[THE PROBLEM] Reprint all of the data below exactly as shown and skip every image.

[AVAILABLE DATA]
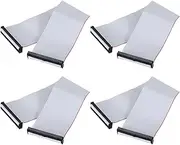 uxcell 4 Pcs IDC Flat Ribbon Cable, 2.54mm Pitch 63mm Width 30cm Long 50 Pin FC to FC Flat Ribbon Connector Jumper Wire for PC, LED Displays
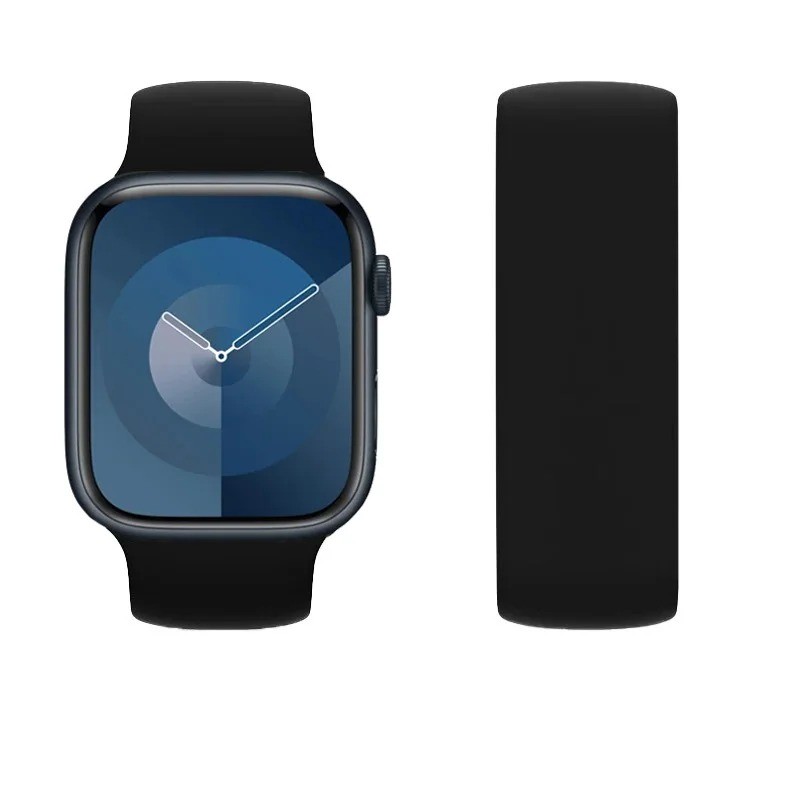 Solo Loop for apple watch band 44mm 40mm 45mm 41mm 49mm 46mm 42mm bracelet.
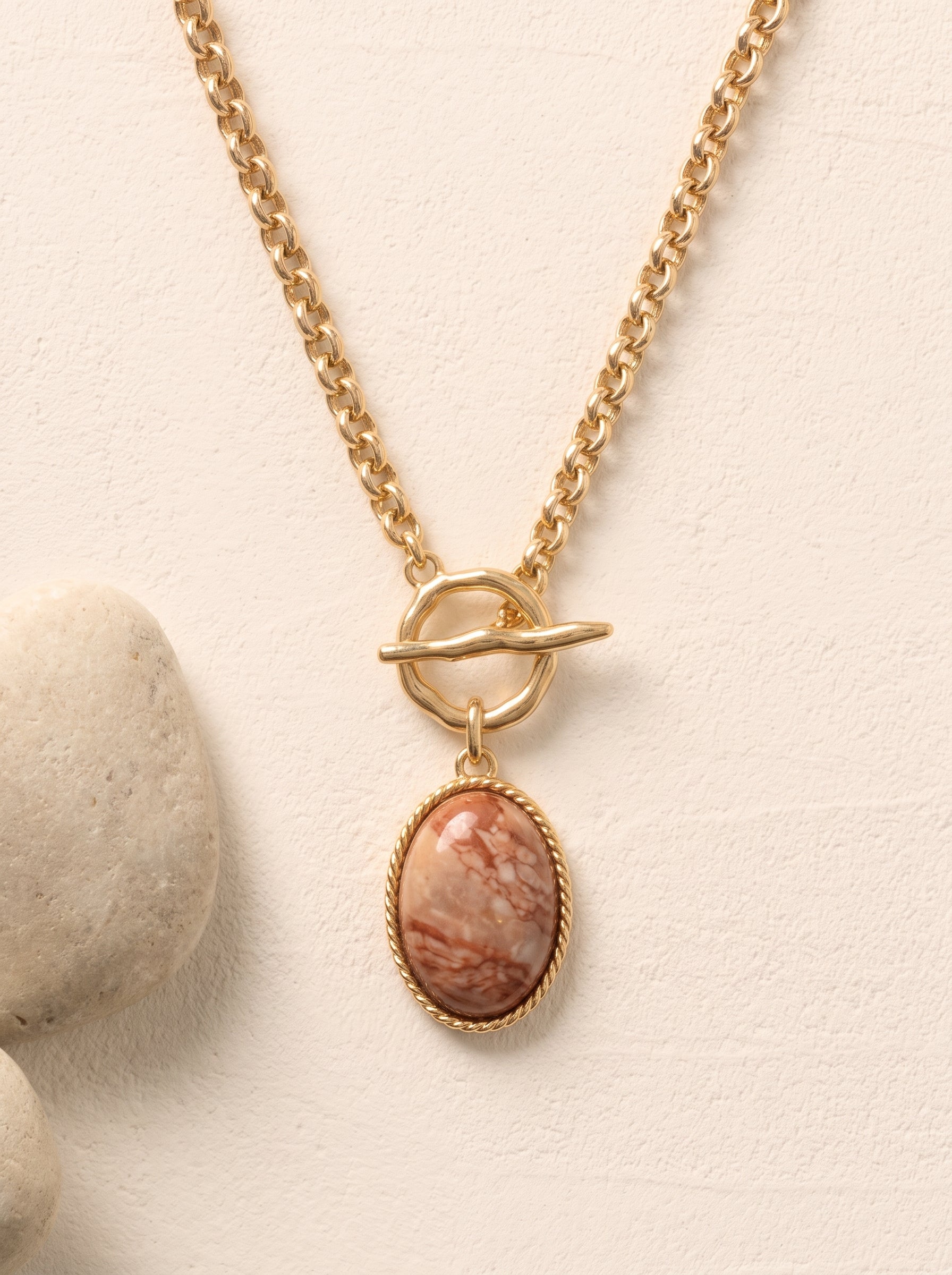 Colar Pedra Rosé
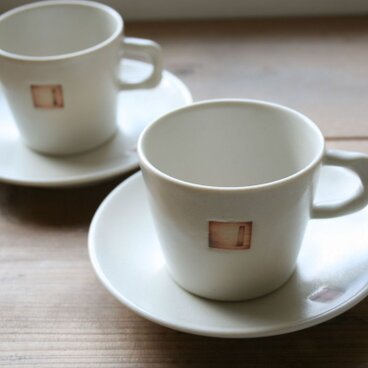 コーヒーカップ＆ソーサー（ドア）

[TASK SOLUTION]
 uxcell 4 Pcs IDC Flat Ribbon Cable, 2.54mm Pitch 63mm Width 30cm Long 50 Pin FC to FC Flat Ribbon Connector Jumper Wire for PC, LED Displays
 Solo Loop for apple watch band 44mm 40mm 45mm 41mm 49mm 46mm 42mm bracelet.
 Colar Pedra Rosé
 コーヒーカップ＆ソーサー（ドア）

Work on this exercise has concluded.